Fitch affirms Hungary ‘BBB-’ rating, outlook stays ‘stable’

Ratings

Ratings agency Fitch affirmed Hungary’s sovereign rating at ‘BBB-’, just over the investment grade threshold, in a scheduled review on Friday, according to Hungarian news agency MTI. The outlook for the rating is ‘stable.’

“Hungary’s ‘BBB-’ ratings balance its high level of GDP per capita, strong governance indicators and European Union membership against a track record of unorthodox economic policy and high government and external debts,” Fitch said.

However, Fitch acknowledged that “a narrower government deficit and strong current account surpluses in recent years have allowed a decline in government and net external debt.”

External factors main risk to growth

Fitch said it expects GDP growth to reach 3.2% in 2017 and 3.3% in 2018 on the back of higher consumption, supported by a strong labor market, a marked increase in the minimum wage, fiscal loosening and stronger public sector investment funded with EU disbursements.

“Given Hungary’s openness, the main risk to the growth outlook stems from the external environment, especially demand from EU trade partners,” Fitch said.

Fitchʼs GDP growth projections for 2017 and 2018 are well under the governmentʼs forecasts of 4.1% and 4.3%, respectively.

Fitch puts deficits under gov’t targets

Fitch said government finances are benefiting from improved economic conditions and low interest payments and put the general government deficit at 2.3% of GDP in both 2017 and 2018.

Hungary’s government targets deficits of 2.4% of GDP for both years.

Fitch noted that Hungary’s state debt reached 74.1% of GDP at the end of 2016, falling for the fifth year in a row.
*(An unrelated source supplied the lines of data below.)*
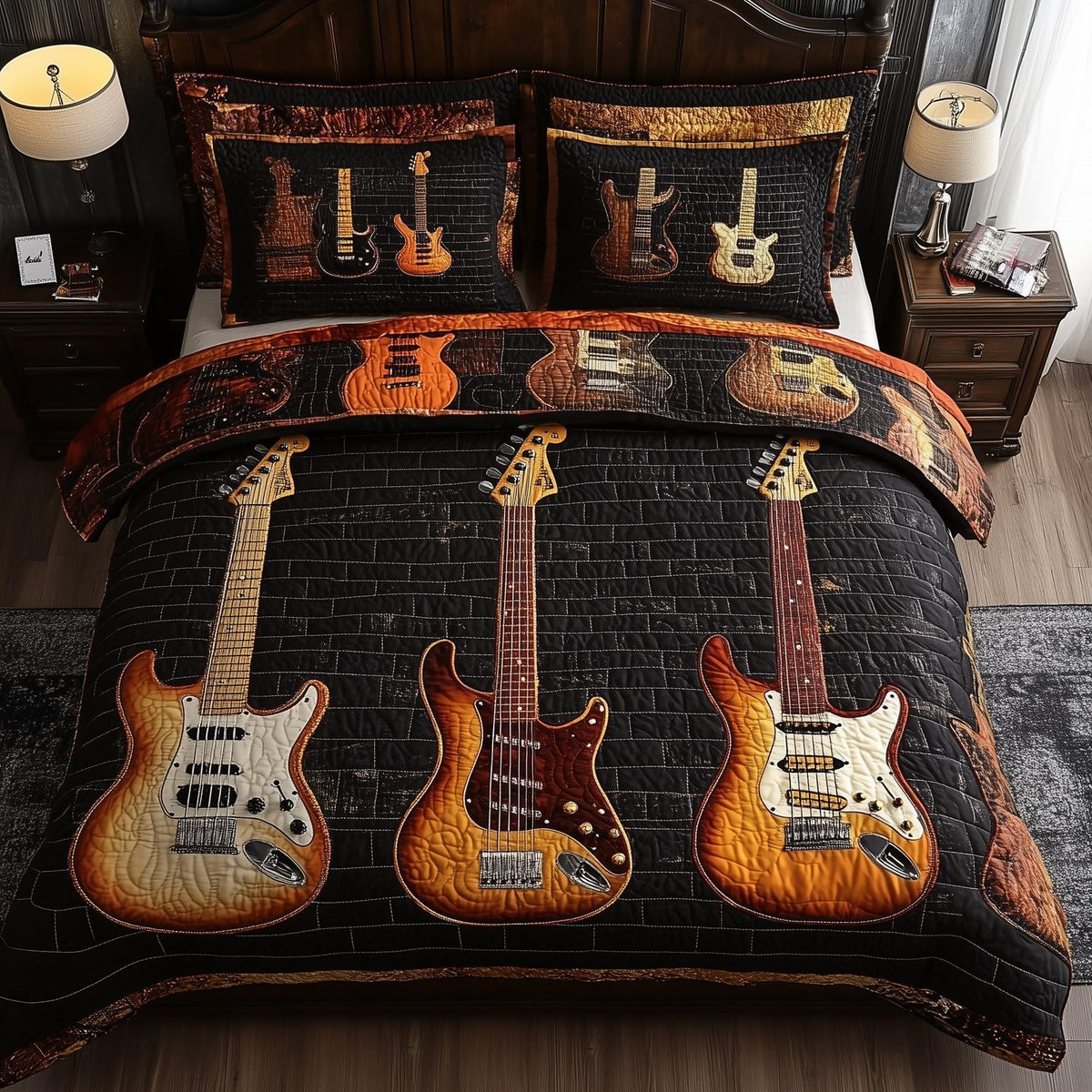 Melody of Soul quilted 3-piece bedding set on a made bed with two matching pillow shams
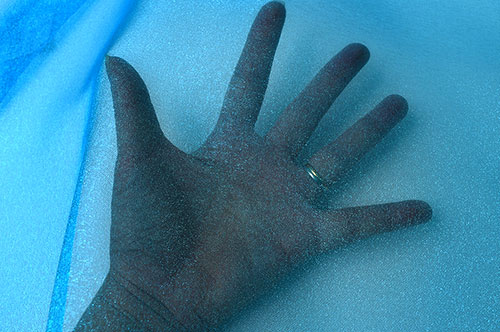 オーガンジー生地 スパーククレポン(468) 18.ターコイズブルー 10Bg10_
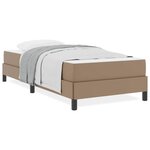 vidaXL Lit avec matelas Cappuccino 100 x 200 cm Faux cuir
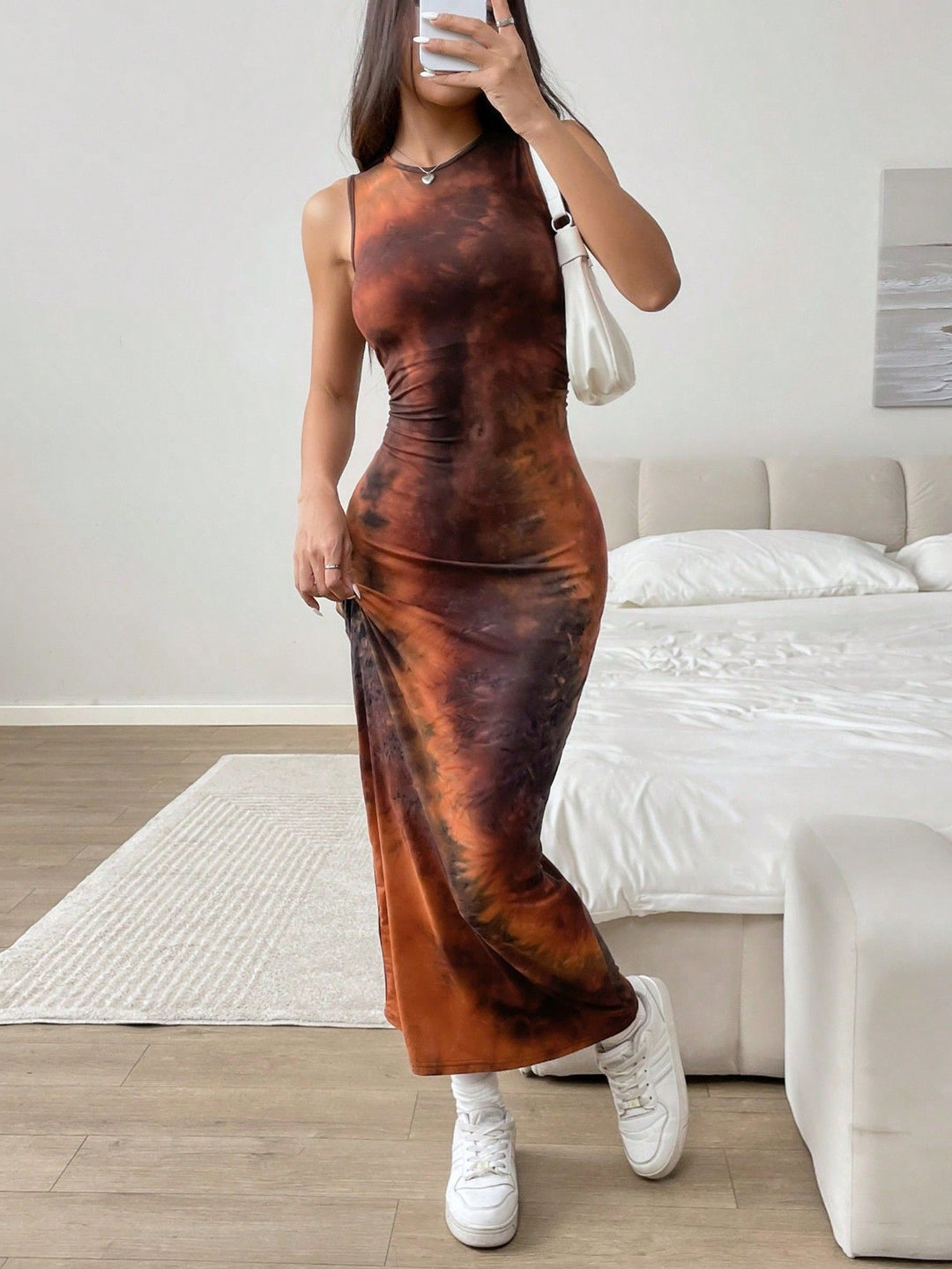 Maxi dress for women with refined batik pattern and fitted cut Lune London
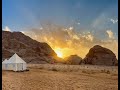 Aerial View of Wadi Rum Jordon Hot Air Balloon at Sunrise (relaxing sounds)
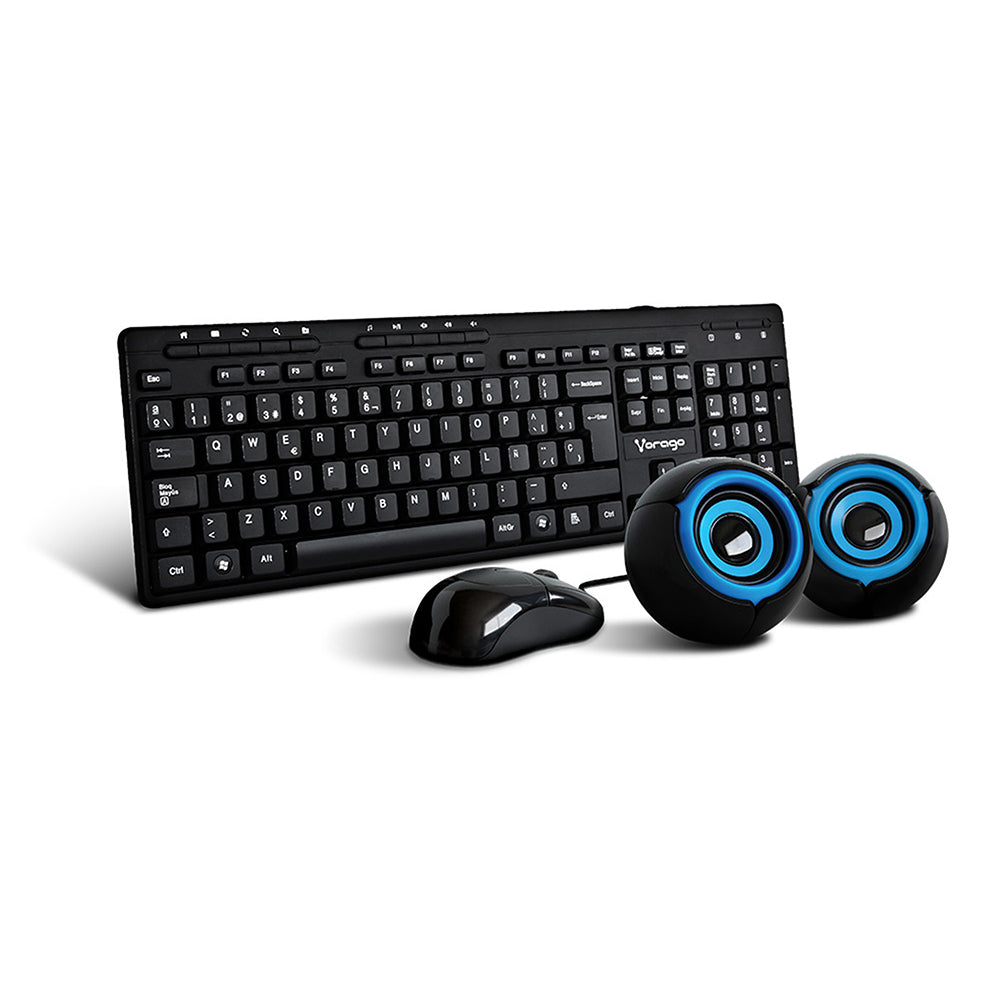 Kit Teclado y Mouse VORAGO, Estándar, 105 teclas, Negro, 1000 DPI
Fitch said it expects state debt to continue to fall, reaching 71.1% of GDP by 2018.

Fitch pointed out that the percentage of state debt held by non-residents declined to 42% at the end of 2016 from 70% in 2011, reducing the exposure of debt management to potential global financial market volatility.

Reduced risk of bank policy interventions

Addressing the banking sector, Fitch said it expects private sector lending to “increase slightly” in 2017, marking the end of several years of deleveraging.

Profitability in the banking sector has improved on the release of risk provisions, lower funding costs and the reduction in the bank levy since 2016, it added.

“In Fitchʼs view, the risk of further policy interventions damaging the banking sector has now reduced, which improves the system stability,” it added.

Policy continuity expected

Fitch noted that a general election is scheduled to take place in the spring of 2018. “Polls predict the incumbent ruling Fidesz party will win it, suggesting policy continuity after the election,” it added.

Fitch also mentioned “public tensions between Hungary and the EU,” while pointing out that EU membership has been “a major source of economic and financial support” for the country.

“A serious deterioration in the relationship could have potential adverse consequences on the economic outlook in the medium to long term,” Fitch warned.

Rating risks evenly balanced

Fitch said upside and downside risks to Hungary’s sovereign rating are “evenly balanced.”

Among factors that could lift the rating would be a continued reduction in external debt and improved external liquidity supported by current account surpluses; increased confidence in economic policy and an improved business environment; and a sustained decline in state debt as a percentage of GDP. 

A rise in the state debt ratio, or a deterioration in the economic policy framework potentially leading to adverse developments in external or government finances, could lead to a negative rating action, Fitch warned.